I learned to program FORTRAN on one of these.  Yes, I am that old....


You might be interested in reading this link, from a February speech given by the CEO of IBM at Johns Hopkins University:
"Of the top 25 industrial corporations in the United States in 1900… only two remained on that list by 1961 - one of those because it had absorbed six others from the original list. Two companies had disappeared, and the remaining 15 had slipped far behind.

Now, here we are, 50 years later... of the top 25 companies on the Fortune 500 [in 1961]… only four remained in 2010."
This is a fascinating statistic for those of you who want to be stock-pickers, particularly those who want to buy high-tech stocks that pay no dividends.  What this reminds us is that most companies, no matter how wildly successful, end up fading from view, over time, due to market changes.

IBM itself, was once viewed as a unstoppable juggernaut that only intervention by the Government - in the form of an anti-trust suit - could contain.  IBM used monopoly practice more than sheer technology to gain market share.  Often, this meant that second-rate or obsolete technology (punch cards, for example) were perpetuated long after they became obsolete.

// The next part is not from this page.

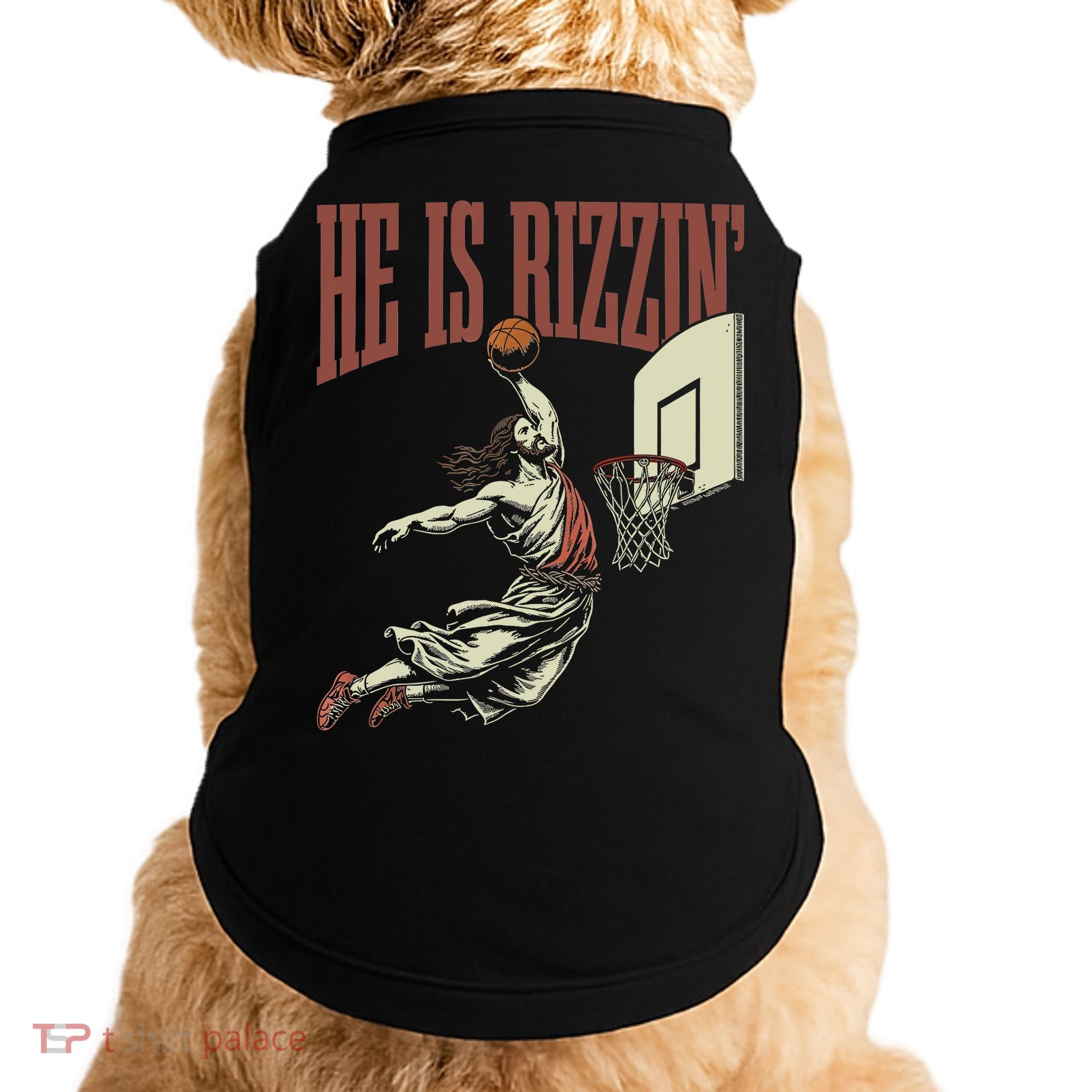 He Is Rizzin Funny Jesus Playing Basketball Meme Easter Doggie Tank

Today, the juggernaut is Microsoft, and the Government has tried to rein them in with an anti-trust suit as well.  What does this say about the Future of Microsoft?

Of course, IBM soldiers on, but as a markedly different company than the punchcard-and-mainframe people they once were.  In fact, chances are, you don't really know what IBM does today to make a living.  Something having to do with computers - but they don't actually make them anymore.
 
It is an interesting speech for other reasons - for example, how he glosses over the fascinating and sometimes dark history of IBM, and its founder, who left National Cash Register ("the cash") to found a company that at times has been rather ruthless in terms of competition.  I would highly recommend IBM and the Holocaust if you are interested in the history of IBM - it is a good read.